Segment Start: SOURCE MATERIAL

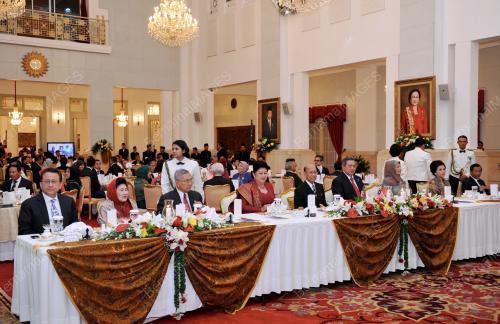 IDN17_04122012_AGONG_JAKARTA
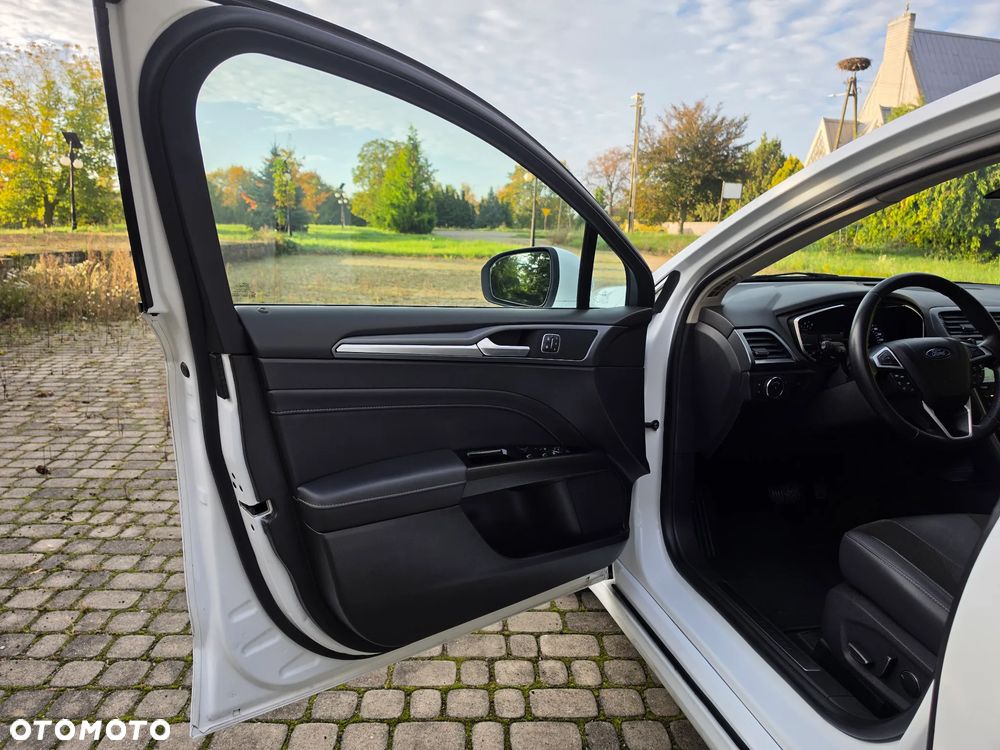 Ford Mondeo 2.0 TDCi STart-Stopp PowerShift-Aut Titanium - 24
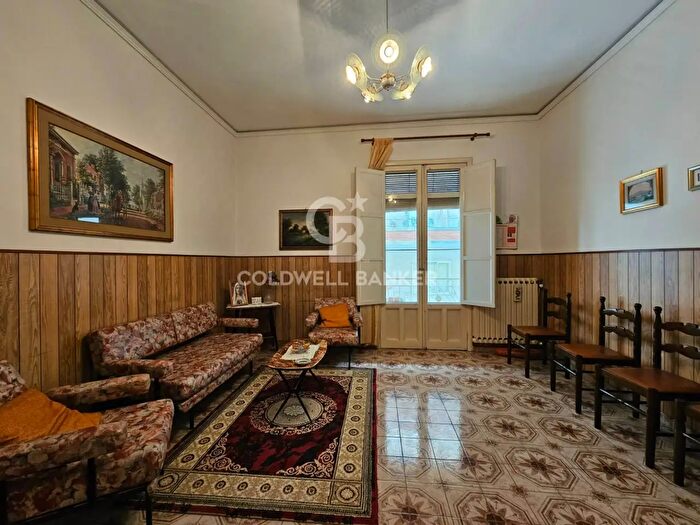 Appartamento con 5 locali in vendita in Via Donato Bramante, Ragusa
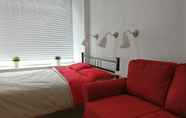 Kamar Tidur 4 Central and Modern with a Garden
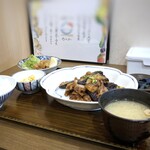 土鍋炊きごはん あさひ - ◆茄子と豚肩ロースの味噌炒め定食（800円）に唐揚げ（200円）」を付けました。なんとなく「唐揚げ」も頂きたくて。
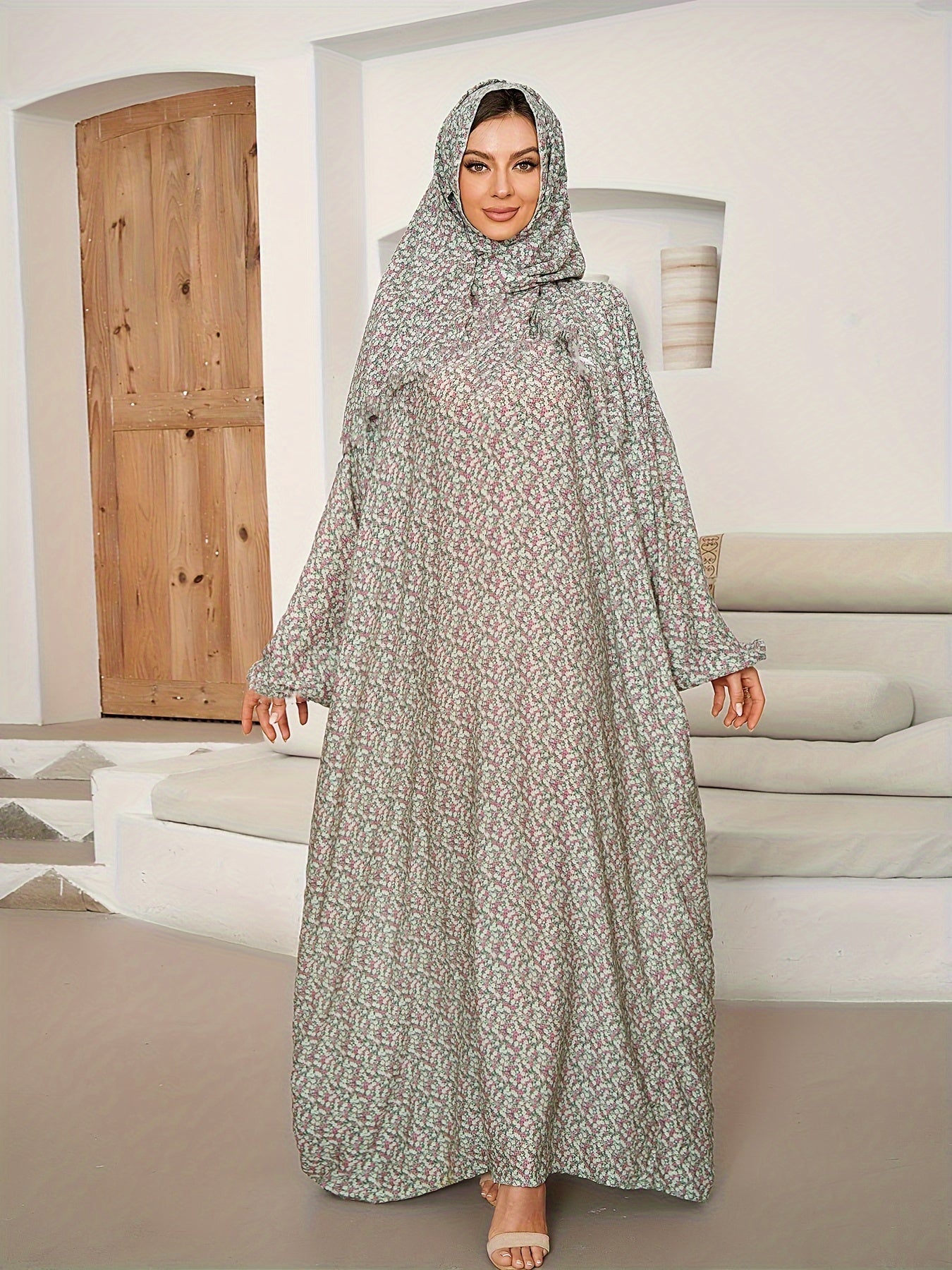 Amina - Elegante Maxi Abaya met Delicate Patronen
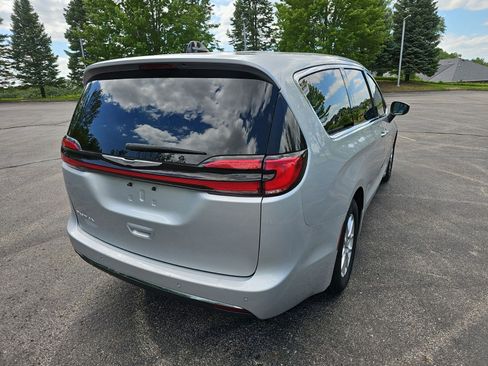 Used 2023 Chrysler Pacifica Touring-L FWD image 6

Segment End: SOURCE MATERIAL

### WHAT NEEDS TO BE DONE
Excluding all pictures, output exactly the lines from the line containing "Appartamento con 5" through the last line of the entries above.

### RESPONSE BELOW
 Appartamento con 5 locali in vendita in Via Donato Bramante, Ragusa
 Kamar Tidur 4 Central and Modern with a Garden
 土鍋炊きごはん あさひ - ◆茄子と豚肩ロースの味噌炒め定食（800円）に唐揚げ（200円）」を付けました。なんとなく「唐揚げ」も頂きたくて。
 Amina - Elegante Maxi Abaya met Delicate Patronen
 Used 2023 Chrysler Pacifica Touring-L FWD image 6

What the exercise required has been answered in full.